Making matters worse, in an effort to win over the populace, “the war of perceptions” is tremendously important and local Afghan officials claim that the civilian death toll is much higher. Whether they are right or wrong does not matter—what the local populace believes is what matters and they are certainly going to discount the results of any official investigation by NATO. The Afghan national government has made complaints in recent months about the number of collateral civilian deaths, injuries, and property damage resulting from NATO actions, so the popular mood is already arrayed against us. If NATO continues to fight the war in Afghanistan in the conventional manner that it has we will ultimately lose the struggle for the hearts and minds of the populace.
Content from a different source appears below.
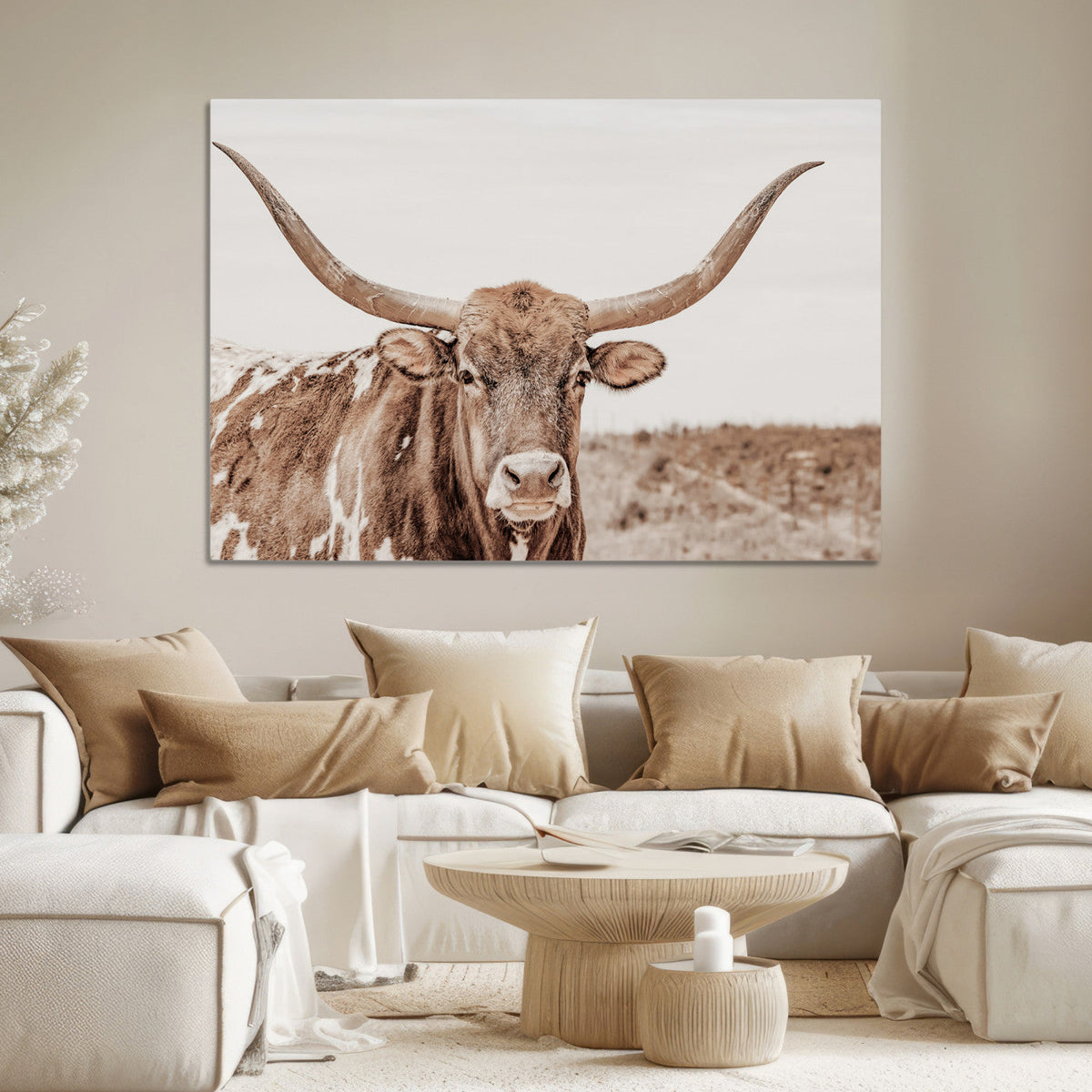 Longhorn Bull Wall Art Canvas Print – Framed Rustic Cow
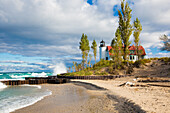 Point Betsie Lighthouse am Lake Michigan, Benzie County, Frankfort, Michigan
Even the new Army and Marine Corps Field Manual on Counterinsurgency (FM 3-24) states that in a counterinsurgency more risk must be accepted by the counterinsurgent. This means that it is no longer appropriate to call for relatively indiscriminate airpower in a populated area when a patrol or convoy comes under attack. A much more restricted response is called for in which NATO forces respond in a highly selective manner, and which puts our troops at much greater personal risk for the sake of protecting non-combatants. Nonetheless, this is the price of winning in a counterinsurgency, but whether NATO nations are willing to accept a higher casualty rate among their troops is not clear.

In fact, it remains to be seen whether NATO can even conduct a proper counterinsurgency. Colonel Hy Rothstein, a 30-year veteran of US Army Special Forces now teaching in the Naval Post Graduate School and author of the book, Afghanistan & the Troubled Future of Unconventional Warfare, has studied NATO operations in that country in significant detail. Professor Rothstein reports that “…the focus on attrition, the lack of security, and the overriding force protection concerns have severed the link between coalition forces and the indigenous population, eliminating the most valuable source of operational intelligence—the population—and inhibiting the ability of the coalition to locate and destroy the insurgents.”

So killing civilians not only increases the number of enemies that we face, but also makes it more difficult to pin them down and eliminate them. To change this paradigm, NATO must commit itself to assuming much more operational risk on the battlefields of Afghanistan. This is certainly no indictment of the amazing courage that our troops show on a daily basis. They will—and always have stepped up to the required level of personal risk to get their difficult jobs done. What is required is that NATO political and military leaders accept the increased risk and develop the appropriate tactical actions to mitigate it as much as possible. Otherwise, all of the risk and loss to date will amount to a strategic failure in Afghanistan.